«Ah, ma non sembri una scienziata». È una tra le tante affermazioni che si è sentita rivolgere Nicole Ticchi, comunicatrice scientifica, nei suoi anni di ricerca in chimica farmaceutica.
All’inizio della sua carriera, nel 2017, questo l’ha spinta a fondare un progetto a lungo termine per valorizzare l’apporto delle donne alla scienza, svincolando le competenze scientifiche dall’immagine che ogni donna vuole mostrare di sé. Il progetto ha piano piano preso forma, diventando dal 2021 un’associazione strutturata: She is a Scientist. In questi anni, l’associazione ha proposto eventi nelle scuole, nelle università e nelle aziende per creare consapevolezza sui fattori che influenzano l’equità nella scienza e ha tentato di creare una rete di socie che modifichi la narrazione corrente sulla presenza delle donne nella scienza.
Per costruire una scienza più aperta è necessario incentivare una comunicazione costruttiva: «La scelta è stata quella di far vedere il più possibile donne, ragazze, persone di scienza, per uscire dall’iconografia classica dello scienziato e scienziata eroi, necessaria per rappresentare anche aspetti molto più noiosi e quotidiani», spiega Ticchi.
In questo contesto si inseriscono le campagne proposte dall’associazione in occasione della Giornata internazionale delle donne e delle ragazze nella scienza, che cade l’11 febbraio di ogni anno. Per contribuire alla visione di «scienza non vista come un’entità, ma come mezzo che ogni persona può utilizzare per emanciparsi, per crescere, per migliorarsi, e anche per migliorare l’ambiente che ci sta intorno», quest’anno l’associazione ha proposto una campagna in tutto il mese di febbraio. Il direttivo dell’associazione ha puntato a coinvolgere in maniera corale le socie, per favorire la partecipazione e il contributo di tutte le persone all’interno dell’associazione. Il motto scelto, «Science, Humans, Equity», ha un duplice obiettivo: «sensibilizzare all’esterno, formare e creare ancora più coesione all’interno, fornendo strumenti di empowerment personale per le socie».
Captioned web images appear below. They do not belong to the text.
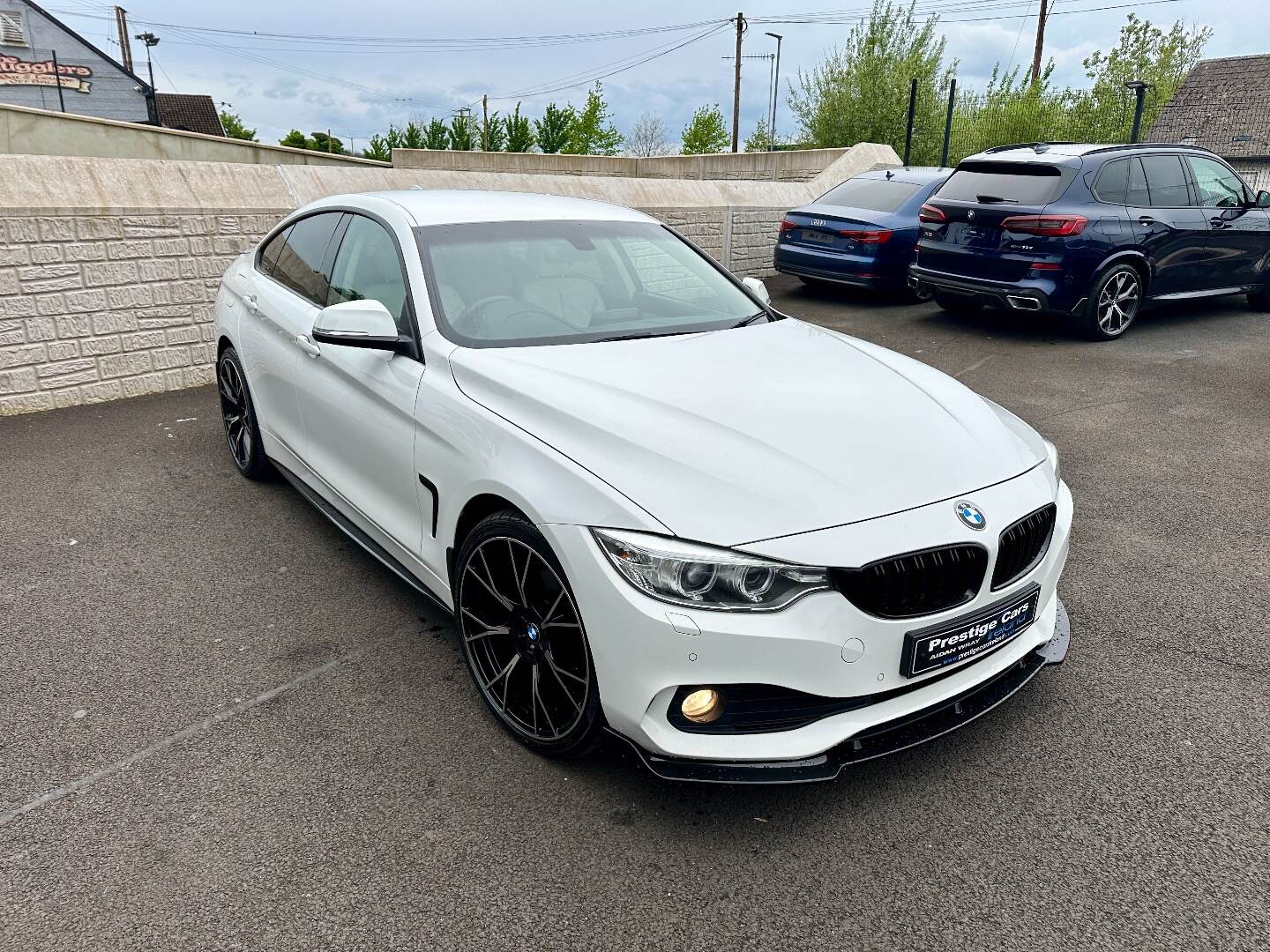 BMW 4 Series GRAN DIESEL COUPE in Tyrone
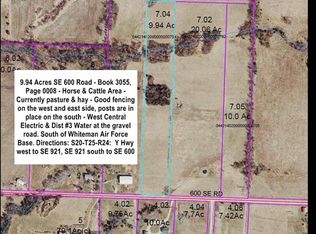 803 SE 600th Rd, Knob Noster, MO 65336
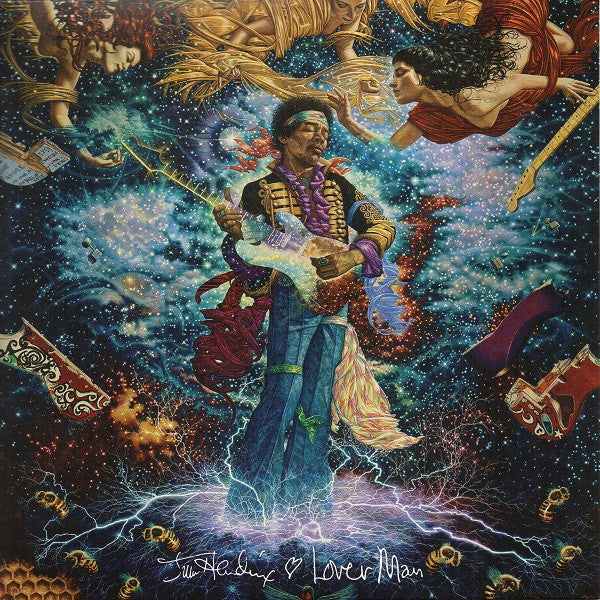 Jimi Hendrix : Lover Man (7", Single)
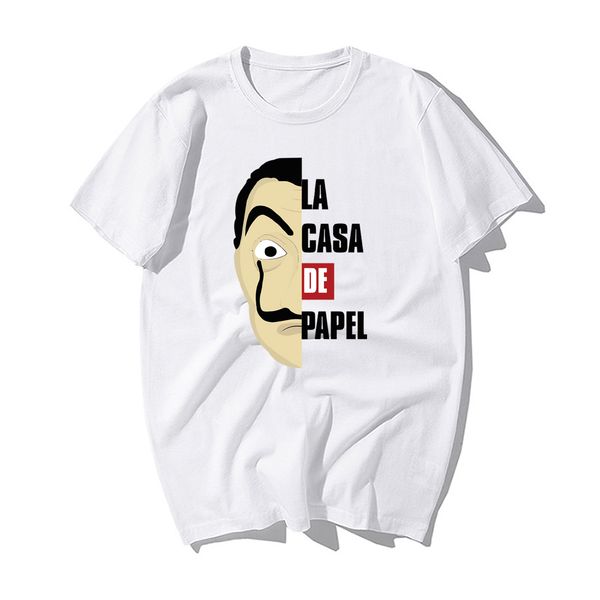 забавный дизайн tshirt моды la casa de papel печать деньги heist tv show casual с коротким рукавом футболки спортивные толстовка с капюшоном
забавный дизайн tshirt моды la casa de papel печать деньги heist tv show casual с коротким рукавом футболки спортивные толстовка с капюшоном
Secondo l’Indice delle norme sociali di genere delle Nazioni Unite del 2024, che quantifica i pregiudizi nei confronti delle donne nelle dimensioni politiche, educative, economiche e fisiche, quasi il 90 per cento degli intervistati ha pregiudizi fondamentali nei confronti delle donne. Questo si riversa anche nel mondo della scienza. I dati Focus gender gap 2024 di Alma Laurea mostrano come, nonostante si laureino prima e con voti migliori, le donne faticano a trovare riconoscimento e pari opportunità nel mondo del lavoro e della ricerca.
Per colmare il gender gap non ci si può basare solo sull’uguaglianza numerica: la campagna cerca di dare un’idea di «parità di rappresentazione nelle varie posizioni. È una diversificazione che dovrebbe interessare tutti, perché può portare a una grande quantità di dati, soluzioni e studi offerti dalla scienza».
La campagna è un esercizio di stile per celebrare le differenze, creando comunità scientifiche plurali. Pluralità, intesa come «via di apertura per le conoscenze umanistiche e sociali e come condizione indispensabile per la costruzione non solo di un sapere più ricco e strutturato, ma anche di un apparato di indagine più robusto per non perdere di vista l’obiettivo che dovrebbe avere la scienza: essere una parte integrante della vita di tutte le persone».
Un pensiero che rientra nel concetto di intersezionalità, introdotto circa quarant’anni fa dalla giurista e attivista statunitense Kimberlé Crenshaw per chiarire i contorni dell’oppressione delle donne afroamericane. Questo termine è ora in prima linea nelle discussioni sulla giustizia razziale e sulle politiche identitarie e di genere, e si inserisce in una concezione di scienza che è nelle mani e al servizio delle persone.